The above otherwise assumes everything you didn't specify is disallowed.
The following might be better to get the value, but differs from what you asked:
sub dequote {
my ($s) = @_;
if ($s =~ /^"/) {
$s =~ s/^"//;
$s =~ s/"$//;
}
$s =~ s/\\(.)/$1/sg;
return $s;
}
my $val = /\G
(
" (?: [^\\"] | \\. )* "
|
(?: [^\\,] | \\. )*
)
/xsgc && dequote("$1");
Update: Fixed to use double quotes instead of single quotes. Misread.
Update: Remove "or die("Expected value at pos ", pos(), "\n")" after the value extraction match. It'll never be executed since the pattern can match zero characters.
| [reply] [d/l] [select] |
|
|
Thanks ikegami,
using \G is a good idea. Thanks for all the effort.
I also coded an simple parser in the meantime, which seems to do the job for me but without doing strict error-checking like yours. It also only splits the string on the commas, not yet the keys and values. Because only alphanumerical keys are allowed anyway (I didn't mentioned that before, sorry) there is no need to look for escaped '=', etc., i.e. everything which doesn't start with /\s*[\w_]+=/ is taken as a single key-less value.
#!/usr/bin/perl
use strict;
use warnings;
sub cskwparser {
my $string = shift;
my $esc = 0;
my $quote = 0;
my @args;
my $narg = 0;
CHAR:
foreach my $char ( split //, $string ) {
if ($esc) {
$esc = 0;
}
elsif ( $char eq '"' ) {
$quote = !$quote;
}
elsif ( $char eq '\\' ) {
$esc = 1;
}
elsif ( $char eq ',' and not $quote ) {
$narg++;
next CHAR;
}
$args[$narg] .= $char;
}
return @args;
}
# Test loop:
local $, = '|';
while (<>) {
print cskwparser $_;
}
| [reply] [d/l] [select] |
|
|
$esc is never used in your code, so that means "\\," is not handled yet.
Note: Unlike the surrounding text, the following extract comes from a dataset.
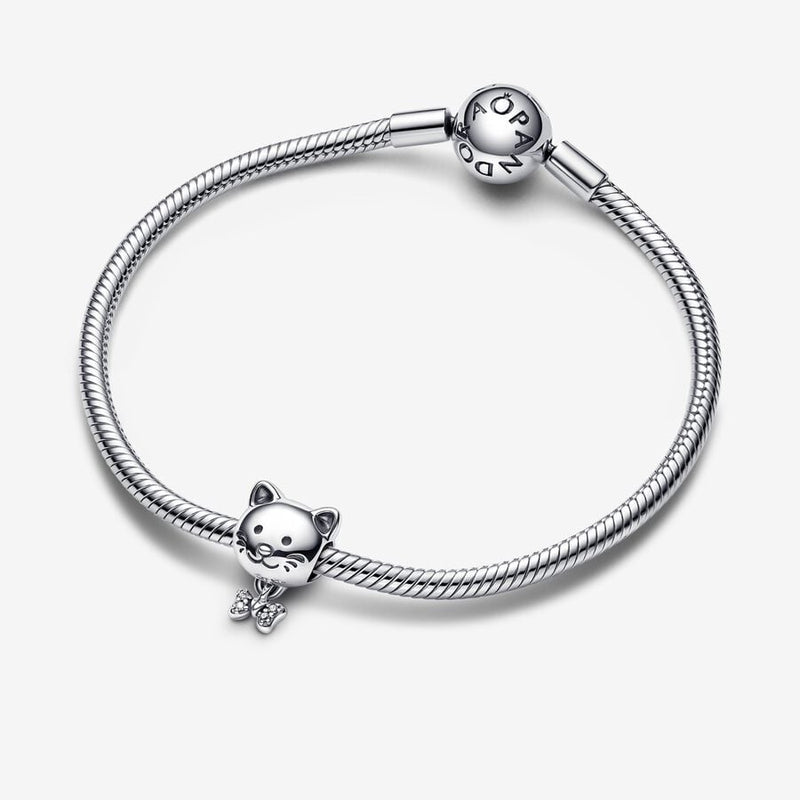 Pandora Bedel Kat met Strik 792255C01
but without doing strict error-checking like yours
It's not really. It only checks for 'key=,...' (key with no value) and 'v"alu"e' (invalid quoting).
Because only alphanumerical keys are allowed anyway (I didn't mentioned that before, sorry) there is no need to look for escaped '=', etc., i.e. everything which doesn't start with /\s*[\w_]+=/ is taken as a single key-less value.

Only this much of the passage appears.